Dans Aurélien, on dénote bon nombre de couples qui n’arrivent pas à fonctionner. Edmond Barbentane trompe sa femme Blanchette avec toutes les femmes qui passent, notamment avec Rose Melrose. Rose Melrose trompe son mari le docteur Decoeur avec Edmond de Barbentane. Blanchette va tromper Edmond de Barbentane avec son secrétaire Arnaud, Bérénice trompe son mari Lucien avec Paul Denis… L’amour véritable est quasiment inexistant – ou si une petite percée du sentiment amoureux se montre, il est aussitôt anéanti par l’impossibilité des sentiments.

Mais ce roman est aussi bourré de références culturelles de l’époque de l’auteur. Entre les artiste, très présents dans le livre – on dénote l’apparition fréquente de Picasso, qui se cache sous les traits de Zamora, ou le poète Cocteau, représenté tel quel dans le livre -, Aragon incorpore également quelques-uns de ses amis surréalistes.
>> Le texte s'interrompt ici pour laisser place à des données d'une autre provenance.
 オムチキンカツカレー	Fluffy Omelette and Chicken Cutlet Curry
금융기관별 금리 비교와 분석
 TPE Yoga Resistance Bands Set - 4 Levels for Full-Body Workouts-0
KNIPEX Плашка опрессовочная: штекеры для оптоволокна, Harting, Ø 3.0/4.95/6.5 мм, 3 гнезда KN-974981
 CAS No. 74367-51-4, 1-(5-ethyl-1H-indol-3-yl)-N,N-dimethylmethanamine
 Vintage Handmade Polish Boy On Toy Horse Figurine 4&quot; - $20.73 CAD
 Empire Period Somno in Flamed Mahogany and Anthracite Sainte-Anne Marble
En effet, lors d’une exposition de nuit, on découvre Tristan Tzara, l’inventeur du mouvement dada en personne. Il fait également implicitement référence à des personnes réelles, avec son ancien ami, devenu presque ennemi depuis qu’il a viré à l’extrême-droite : Drieu la Rochelle, qui peut apparaître sous les traits d’Aurélien lors de l’épilogue, quand le protagoniste commence à avoir des idées politiques de droite. Il met aussi en scène des couturiers célèbres, comme Paul Poiret, qui habille Bérénice de sa magnifique robe Lotus ; et fait référence à plusieurs reprises à Chanel, avec sa création de bijoux fantaisies.
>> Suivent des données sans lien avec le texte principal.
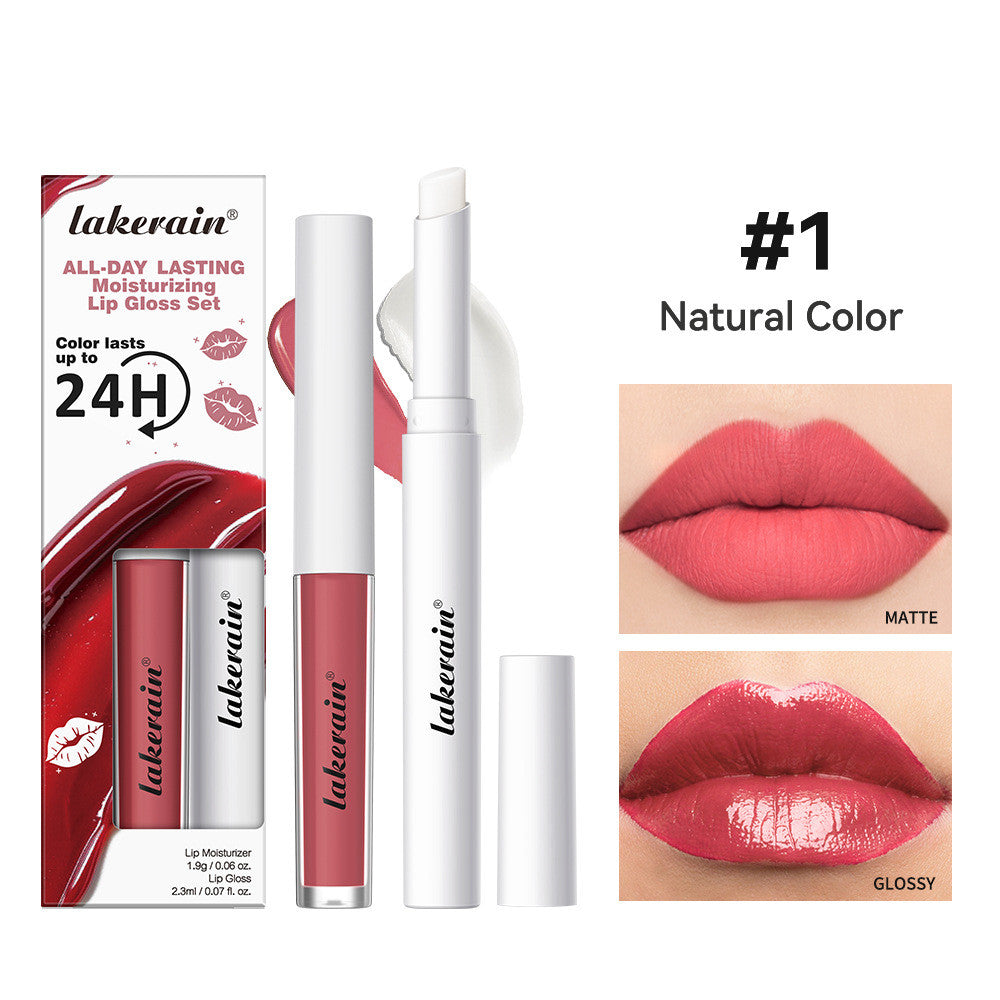 Lakerain Moisturizing Lip Gloss Suit Long-lasting Matte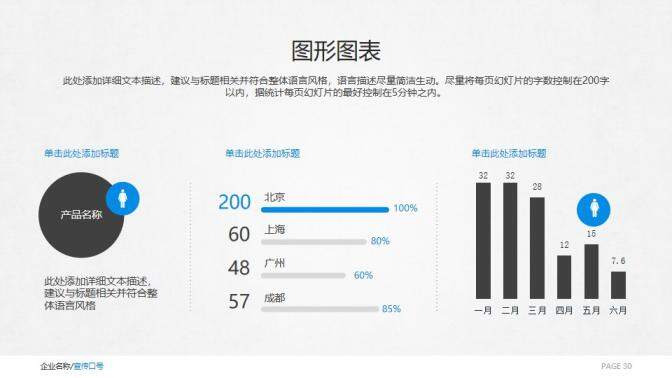 简洁大气欧美风格产品介绍实习转正述职报告PPT模板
Une chose est sûre, ce livre, qui appartient à la série du Monde réel écrit par Aragon a tout à fait sa place dans la série. Les traits des personnages sont parfaitement décrits, presque réels, l’espace spatio-temporel se réfère à des histoires passées – comme la guerre – ou à des lieux qui ont vraiment existés – le Zelli’s -, à des atmosphères de l’époque – les années folles. Le réalisme est à son apogée.

Un magnifique roman « d’amour », sur fond de guerres, de joies et de plaisirs. Lisez le impérativement, ne serait-ce que pour découvrir le somptueux dénouement qu’Aragon nous offre. A déguster à toutes les sauces.